Certainly, for me, when I have a Christmas in New York -- and what could be more alive than Christmas in this rolling, sprawling, lovely, ugly, brash, light-splattered rubbish heap of a city? -- I still manage to return to those quiet Christmas mornings when I woke to the ticking of the radiator in our suburban Dublin home, and the sky outside was as blue as Septembers later would become, and the cold of the windowpane would snap me awake, and the leap down the staircase was effortless and full of promise, and the days would spread themselves out almost endlessly towards the New Year when all the promises of last year were made to be broken.

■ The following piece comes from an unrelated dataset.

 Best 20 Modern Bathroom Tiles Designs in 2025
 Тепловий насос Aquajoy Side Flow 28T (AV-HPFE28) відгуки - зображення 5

My children and I buy a sixty-dollar tree in the bodega on Lexington Avenue and quite easily I am brought back to a parking lot of Dunnes Stores in Cornelscourt where the trees were sold out of an old white van for a couple of quid by a man in a dark anorak.

We carry the tree up along Park Avenue -- where the lights step elegantly along the traffic median and the carols escape from the Episocpalian church -- and I am just as soon carrying it up along the Clonkeen Road, beyond the Texaco garage, and home.

We nod to the doorman and shoehorn the tree into the tiny elevator, but at the same time I can almost hear the doorbell ringing in number 173 to announce that we're back, and could my sister please get the box of decorations from under the stairs?

We can never find the tree stand in our 86th Street apartment, and that's possibly because nobody can ever find the tree stand in any country, place, or era: it's the curse of Christmas that you have to spend at least an hour looking for the damn thing.

In New York we impale a leprechaun on the top of our tree. It's done with a great deal of irony and laughter, the poor wooden figurine not exactly sitting on a pot of gold. There was never a leprechaun at home in Dublin, but there were certainly jokes made about the white angel and that curious look on her face as the days went by.

Then there's the food, of course. My wife is from an Italian family and so on Christmas Eve we make homemade cappelleti, hat-shaped filled with meat and served in a fragrant chicken broth. It's great stuff, a ritual in itself, kneading, rolling, cutting, shaping, boiling.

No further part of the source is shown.